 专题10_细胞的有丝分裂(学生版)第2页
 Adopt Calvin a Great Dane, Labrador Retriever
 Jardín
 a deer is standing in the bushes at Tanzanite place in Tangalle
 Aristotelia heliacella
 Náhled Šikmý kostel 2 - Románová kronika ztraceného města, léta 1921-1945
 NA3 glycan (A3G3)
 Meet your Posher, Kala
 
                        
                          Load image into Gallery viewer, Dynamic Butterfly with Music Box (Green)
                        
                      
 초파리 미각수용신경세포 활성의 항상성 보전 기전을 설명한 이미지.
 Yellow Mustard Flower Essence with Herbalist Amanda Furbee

==

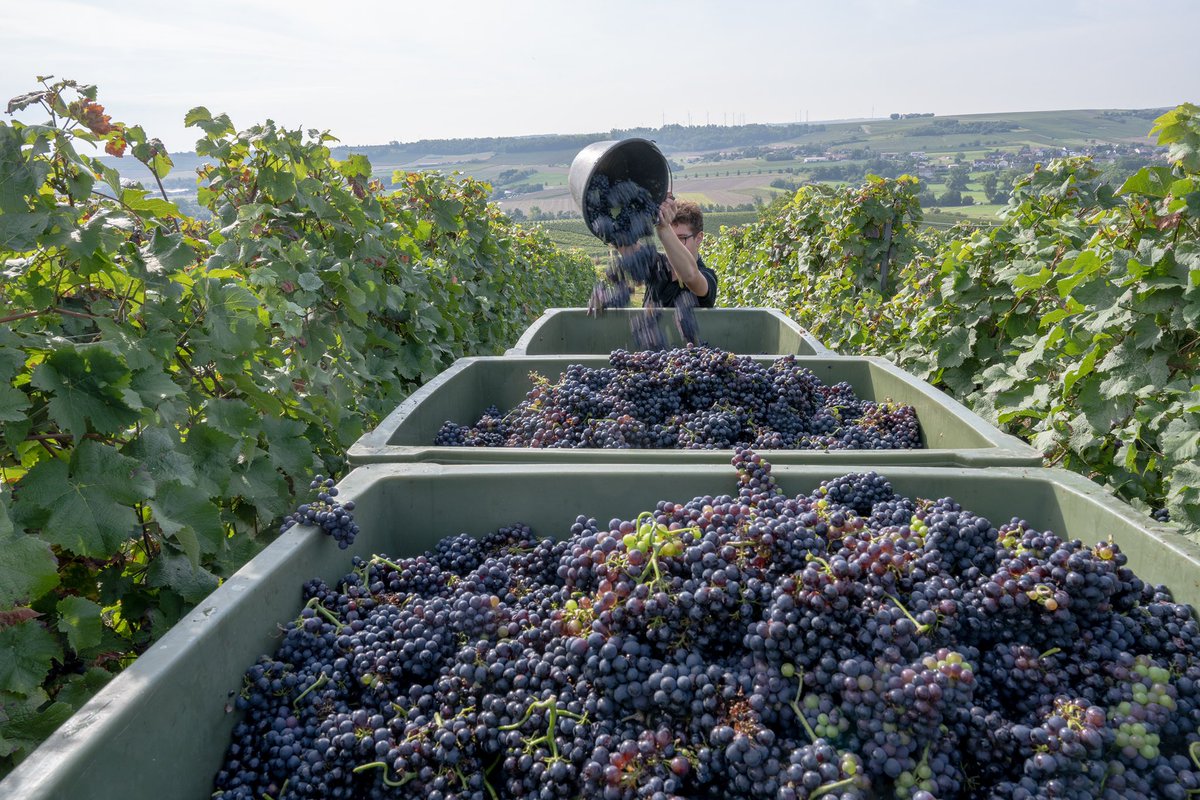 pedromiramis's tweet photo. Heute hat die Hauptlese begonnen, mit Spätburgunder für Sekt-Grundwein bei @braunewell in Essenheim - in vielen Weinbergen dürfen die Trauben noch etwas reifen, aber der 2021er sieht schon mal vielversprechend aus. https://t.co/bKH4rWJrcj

Exercise brief. Scan the preceding listing for the string "with" and copy every line where it occurs.

Answer to this task.
                          Load image into Gallery viewer, Dynamic Butterfly with Music Box (Green)
 Yellow Mustard Flower Essence with Herbalist Amanda Furbee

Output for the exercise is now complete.